─── Material for this exercise
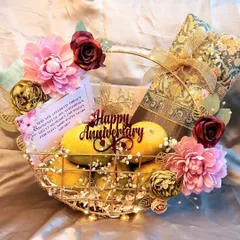 A unique anniversary hamper featuring a basket of fresh mangoes, a beautiful saree, and a personalized card. This gift is a perfect blend of tradition and personal taste.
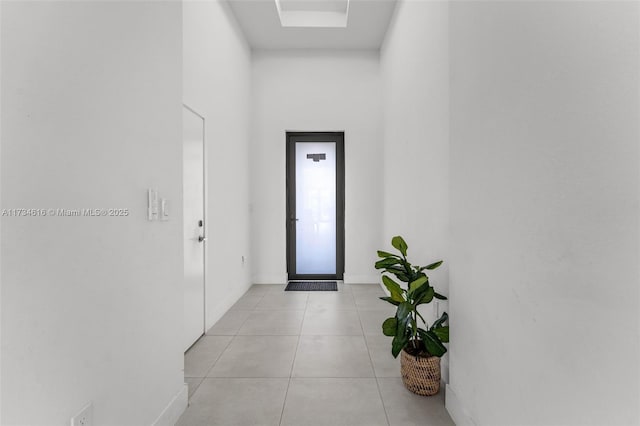 doorway with light tile patterned floors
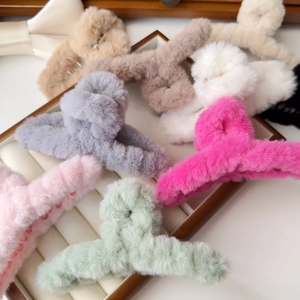 Detailed close-up of colorful plush faux fur hair claw clips on a soft wooden jewelry tray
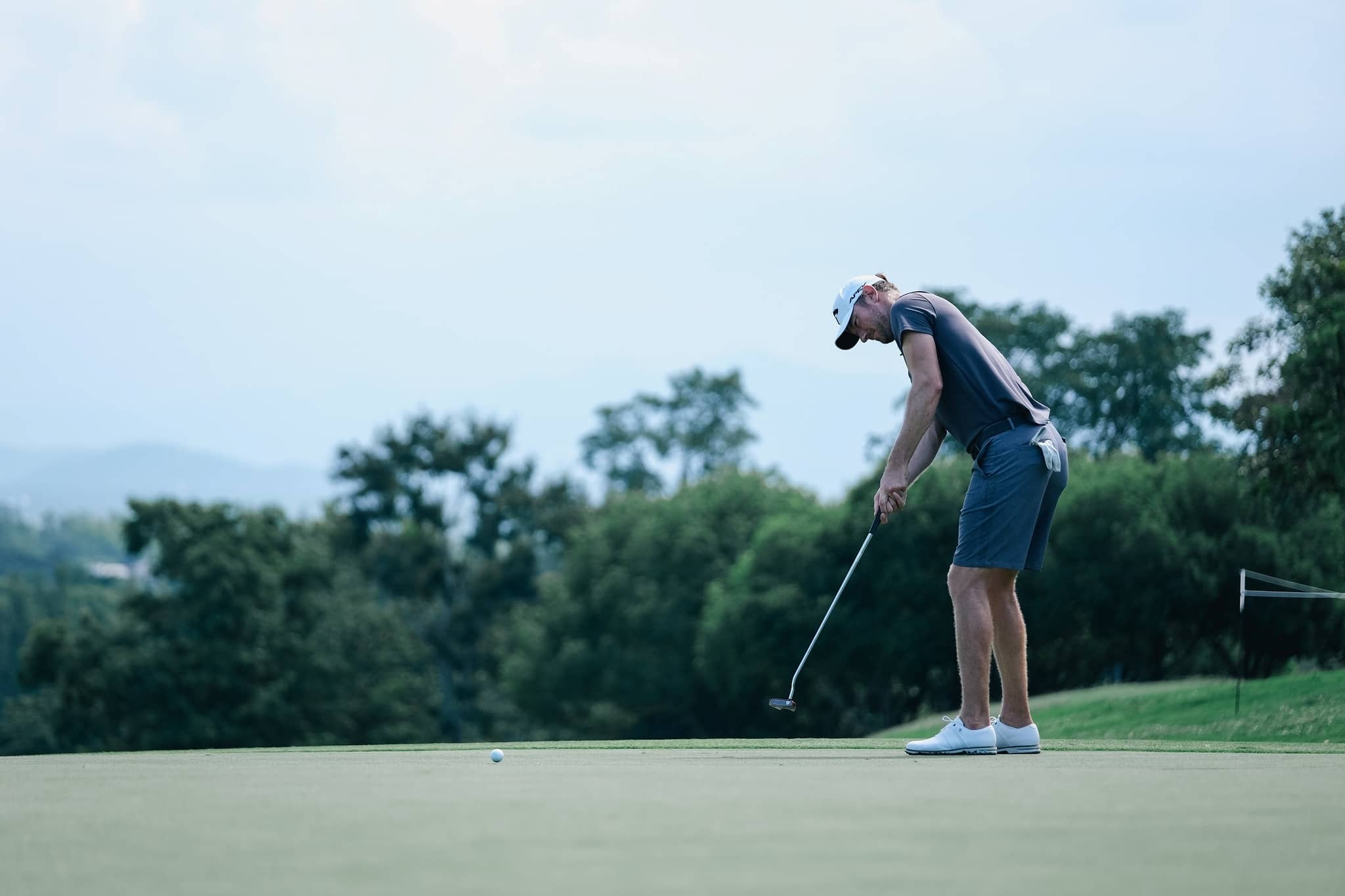 Chris Wood hits a putt during a pre-tournament practice round at the Black Mountain Championship in Hua Hin, Thailand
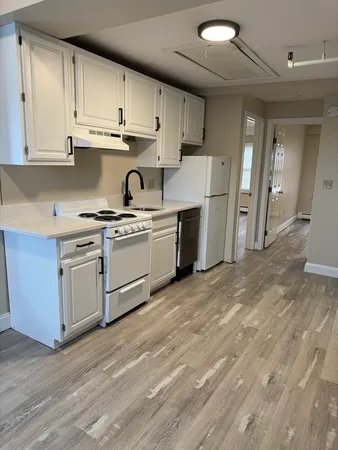 a kitchen with stainless steel appliances granite countertop a stove a sink dishwasher and a refrigerator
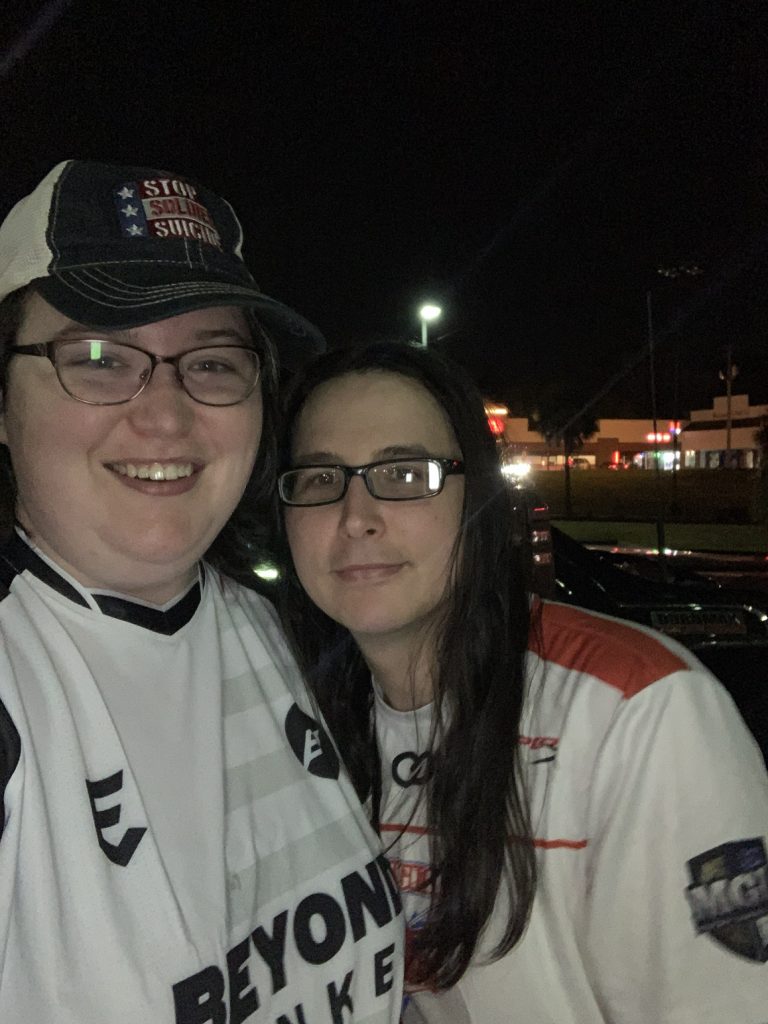 Belverly Cutchins with partner wearing jersey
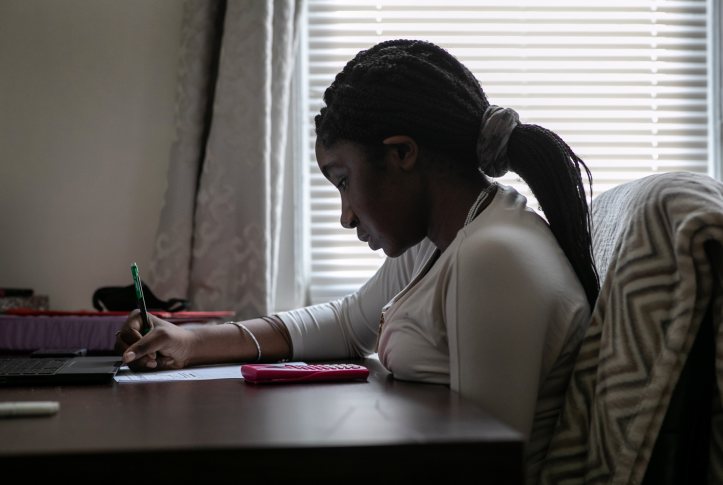 Abigail Previlon, 13, takes part in remote distance learning at home on Oct. 28, 2020, in Stamford, Conn.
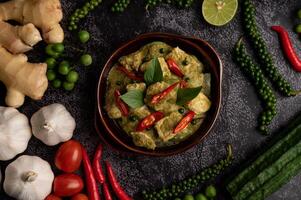 Pork green curry in a brown bowl with spices on a black cement photo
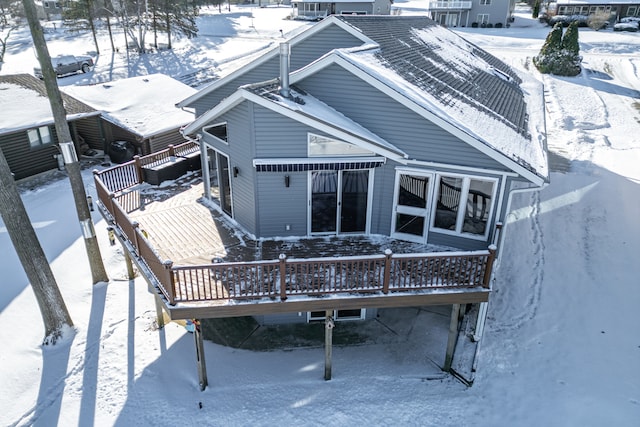 snow covered back of property featuring a deck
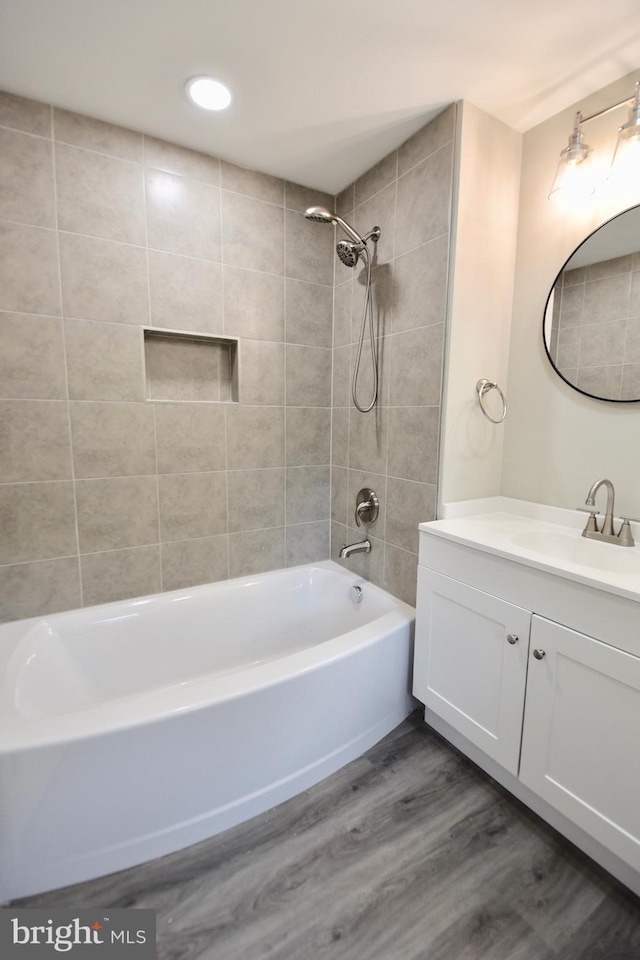 307 4th St, Seaford, DE 19973 - bathroom featuring  shower combination, wood finished floors, vanity, and recessed lighting
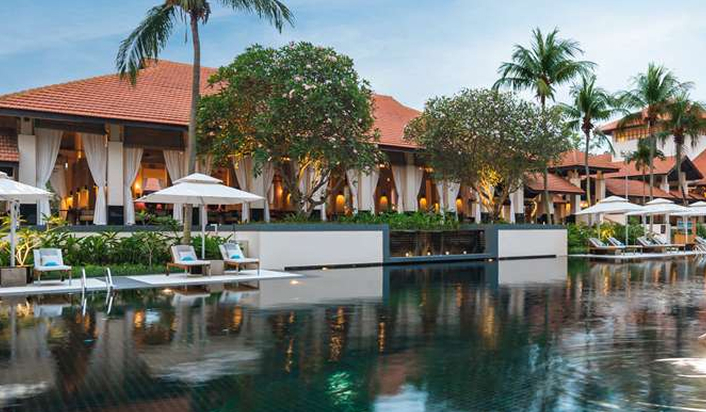 Green wide pool by Asian style building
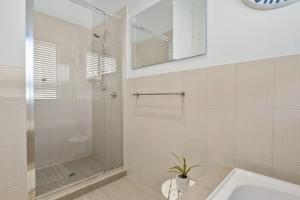 a white bathroom with a shower and a sink at Jacks Corner - 10 Marjory Street, Normanville in Normanville +22 photos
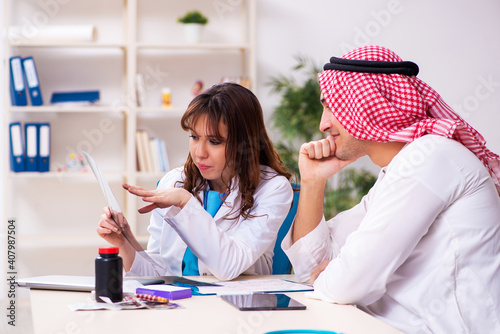 Young arab businessman visiting caucasian female doctor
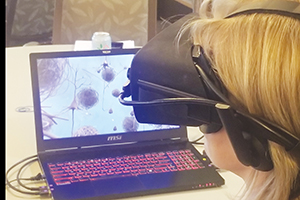 Photo of Sue Wilber, director of housing at Saint Anne of Winona, Minn., taking part in the Beatriz virtual reality training module created by Embodied Labs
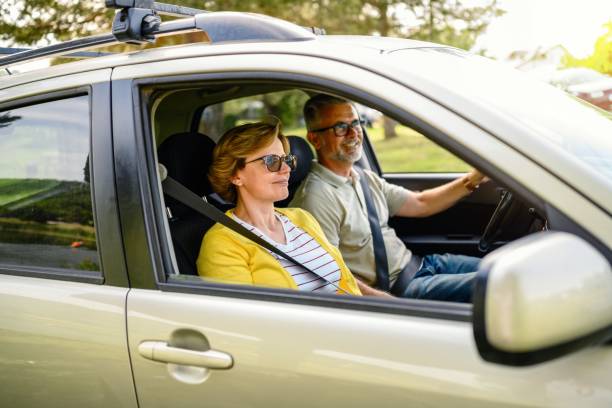 istock Happy couple enjoying while traveling by SUV 2177402669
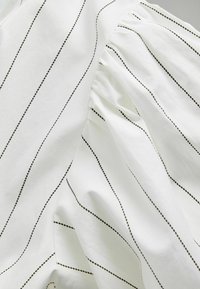 Țesătură albă cu dungi verticale negre subțiri, având textură adunată pe o parte și suprafață netedă. Vedere de aproape care arată detalii fine ale materialului.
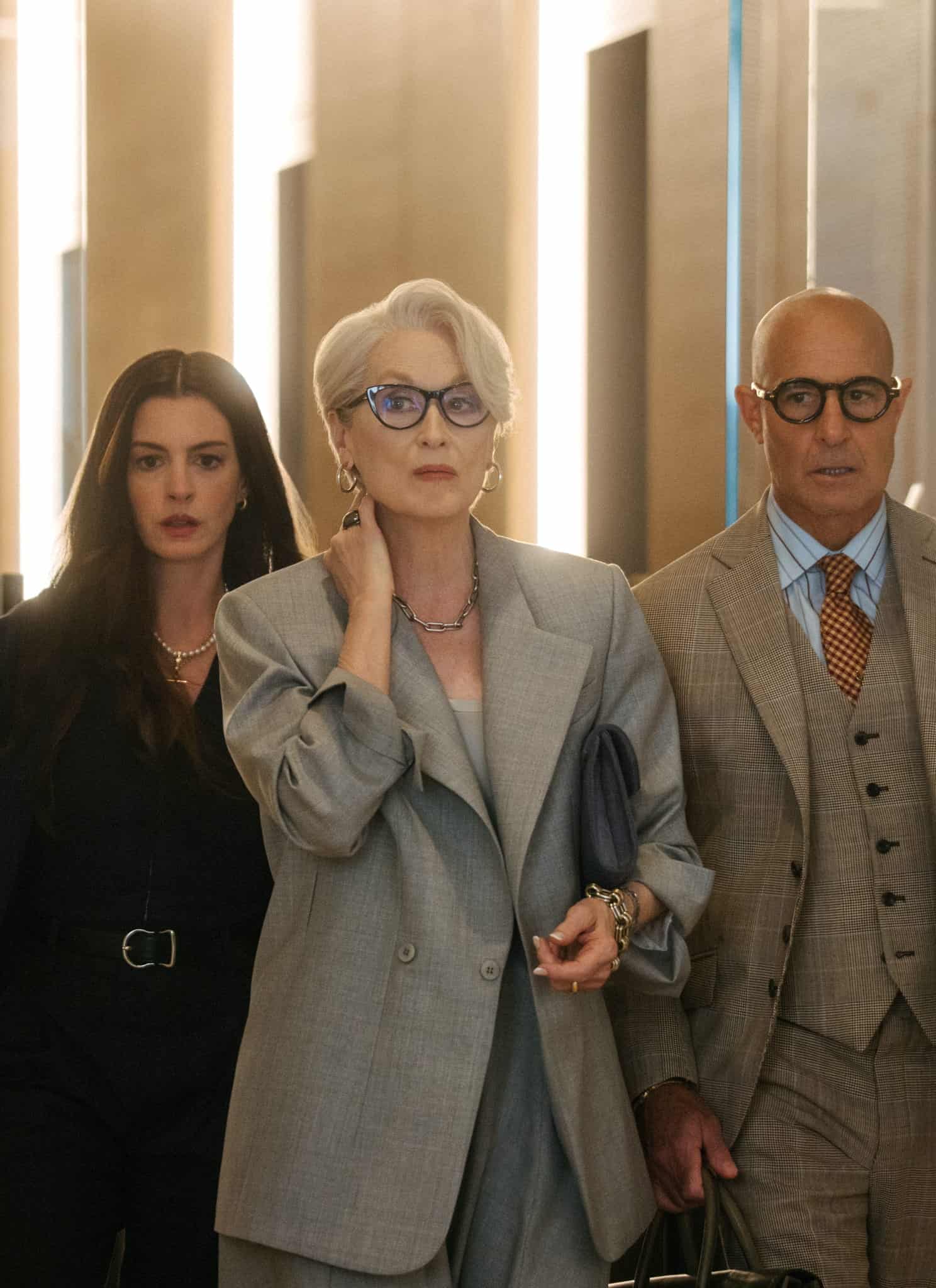 Three people, two women and one man, walk confidently through a modern, stylish hallway. The woman in the center wears a gray suit, the woman on the left wears black, and the man on the right wears a tan suit. The word “DIOR” is seen on glass.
──────
→ **Required action**
Output each record verbatim and leave out its pictures.

→ **Answer box**
 A unique anniversary hamper featuring a basket of fresh mangoes, a beautiful saree, and a personalized card. This gift is a perfect blend of tradition and personal taste.
 doorway with light tile patterned floors
 Detailed close-up of colorful plush faux fur hair claw clips on a soft wooden jewelry tray
 Chris Wood hits a putt during a pre-tournament practice round at the Black Mountain Championship in Hua Hin, Thailand
 a kitchen with stainless steel appliances granite countertop a stove a sink dishwasher and a refrigerator
 Belverly Cutchins with partner wearing jersey
 Abigail Previlon, 13, takes part in remote distance learning at home on Oct. 28, 2020, in Stamford, Conn.
 Pork green curry in a brown bowl with spices on a black cement photo
 snow covered back of property featuring a deck
 307 4th St, Seaford, DE 19973 - bathroom featuring  shower combination, wood finished floors, vanity, and recessed lighting
 Green wide pool by Asian style building
 a white bathroom with a shower and a sink at Jacks Corner - 10 Marjory Street, Normanville in Normanville +22 photos
 Young arab businessman visiting caucasian female doctor
 Photo of Sue Wilber, director of housing at Saint Anne of Winona, Minn., taking part in the Beatriz virtual reality training module created by Embodied Labs
 istock Happy couple enjoying while traveling by SUV 2177402669
 Țesătură albă cu dungi verticale negre subțiri, având textură adunată pe o parte și suprafață netedă. Vedere de aproape care arată detalii fine ale materialului.
 Three people, two women and one man, walk confidently through a modern, stylish hallway. The woman in the center wears a gray suit, the woman on the left wears black, and the man on the right wears a tan suit. The word “DIOR” is seen on glass.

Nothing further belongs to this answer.